Performance drop when using multiple sources

Please provide complete information as applicable to your setup.
• Hardware Platform (Jetson / GPU) Jetson Xavier AGX
• DeepStream Version 6.3.0
• JetPack Version (valid for Jetson only) 5.1
• TensorRT Version 8.5.2.2

I know AGX Xavier supports 52x 1080p30 (H.265), and you can even use deepstream-test3-app with several sources that you hardly see FPS being dropped. But in my script there is some kind of bottleneck, or even a synchronous behavior, that is reducing the FPS, almost 20% every source is added.

My source is an RTSP stream 1920x1080@25fps. Using 1 uridecodebin as a source bin, I get 24.2fps. With 2 source bins I get 18.2fps, with 3 source bins I get13.4fpf. And this decreases on and on as I increase the number of source bins. And it shouldn’t because AGX Xavier is capable to keep 24-25fps for many inputs like that. So I am missing something.

My pipeline goes like this:

uridecodebin [1..N] -> nvstreammux -> nvinfer -> nvtracker  -> nvtee ->  nvstreamdemux -> nvvideoconv[1..N] -> nvosd[1..N]
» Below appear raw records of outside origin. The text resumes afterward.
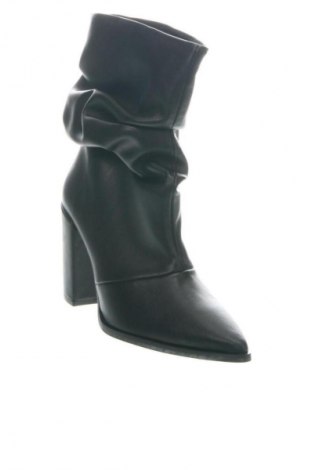 Női csizma Unbranded, Méret 36, Szín Fekete, Ár 15 249 Ft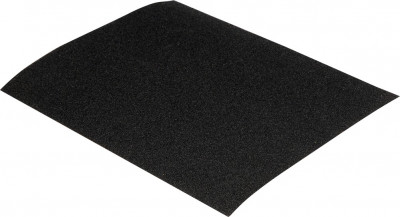 Hartie abraziva smirghel 230 x 280 mm P 360 YATO foto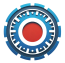 avatar_scautomoton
I read some posts on queue and how it can provide asynchronous behavior. So I added a queue between every element, just like this:

uridecodebin [1..N] -> nvstreammux -> queue1 -> nvinfer ->  queue2 -> nvtracker  ->  queue3 -> nvtee ->   queue4 -> nvstreamdemux ->  queue_demux_conv[1..N]-> nvvideoconv[1..N] ->  queue_conv_osd[1..N] -> nvosd[1..N]

If queues were an issue, there must be something more, because it made no difference to the decaying performance. Thus, I undid the inclusion of queues and I am back to the original pipeline. Does any one can give me any tip about what’s wrong? This is my script
flavio_forum.py.txt (22.5 KB)
.

Thanks in advance.

why do you comment out “pgie.set_property(“batch-size”, number_sources)”? if using multiple sources, the engine batch-size should be updated accordingly.
please refer to deepstream_test_3.py. which has a similar media pipeline.
please refer to this topic for performance improvement.

batch-size=1 because “Backend has maxBatchSize 1 whereas 3 has been requested”. I am using Yolov5. I downloaded the yolov5s.pt and converted it to .onnx, and this onnx is the one being loaded.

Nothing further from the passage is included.